History of the Peloponnesian War

Thucydides

Thucydides. The English works of Thomas Hobbes of Malmesbury. Hobbes, Thomas. translator. London: John Bohn, 1843.

When they were all together, they sat down about break of day at a place called Metropolis and there encamped. And the Athenians not long after with their twenty galleys arrived in the Ambracian gulf to the aid of the Argives, to whom also came Demosthenes with two hundred Messenian men of arms and threescore Athenian archers.

The galleys lay at sea before the hill upon which the fort of Olpae standeth. But the Acarnanians, and those few Amphilochians (for the greatest part of them the Ambraciotes kept back by force) that were come already together at Argos, prepared themselves to give the enemy battle, and chose Demosthenes, with their own commanders, for general of the whole league. He, when he had brought them up near unto Olpae, there encamped.
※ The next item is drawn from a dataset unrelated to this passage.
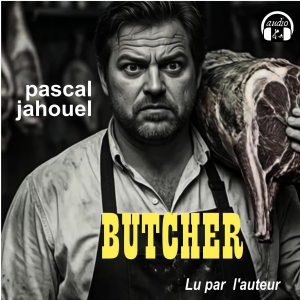 Butcher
There was between them a great hollow. And for five days together they stirred not; but the sixth day both sides put themselves into array for the battle. The army of the Peloponnesians reached a great way beyond the other, for indeed it was much greater; but Demosthenes, fearing to be encompassed, placed an ambush in a certain hollow way and fit for such a purpose, of armed and unarmed soldiers, in all to the number of four hundred; which, in that part where the number of the enemies overreached, should in the heat of the battle rise out of ambush and charge them on their backs.